GPS Reflections Group Honored with Water Prize
The GPS Reflections Group of University of Colorado-Boulder has been awarded the prestigious Prince Sultan Bin Abdulaziz International Creativity Prize for Water. The prize is awarded biannually to acknowledge innovative work that contributes to the sustainable availability of water and the alleviation of the global problem of water scarcity.
The awards will be presented in a ceremony in Riyadh, Saudi Arabia, on December 16, concurrently with the 6th International Conference on Water Resources and Arid Environments (ICWRAE 6), December 16-18, 2014.
Professors Kristine Larson and Eric Small developed a new method to measure water at the Earth’s surface. The research team discovered that standard geodetic GPS instruments are sensitive to hydrological influences. They subsequently developed a cost-effective technique, GPS Interferometric Reflectometry (GPS-IR), to measure soil moisture, snow depth, and vegetation water content around GPS antennas. GPS-IR has the advantage of relying on an existing GPS infrastructure installed by surveyors and geoscientists that covers an increasingly large portion of the global surface.
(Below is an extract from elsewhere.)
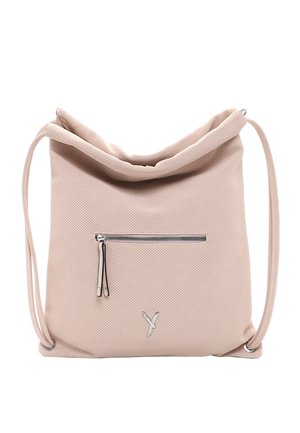 Sac épaule rose pâle perforé avec une poche zippée à l'avant, des bretelles fines et un petit logo métallique près du centre inférieur.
Larson has written for GPS World magazine (see Innovation: How Deep Is That White Stuff?), and her team’s sea-level work has been reported here before.
Larson and Small collaborated with scientists at the University Corporation for Atmospheric Research and the National Atmospheric and Oceanic Administration, also in Boulder.
The team uses the GPS-IR technique to analyze data streams from existing GPS networks in near real-time. Data from hundreds of operational GPS sites are downloaded and processed, yielding estimates of hydrologic variables within 24 hours.
Scientists and government agencies can access this information at the team’s web portal and use the data to improve monitoring and forecasting of hydrologic variables.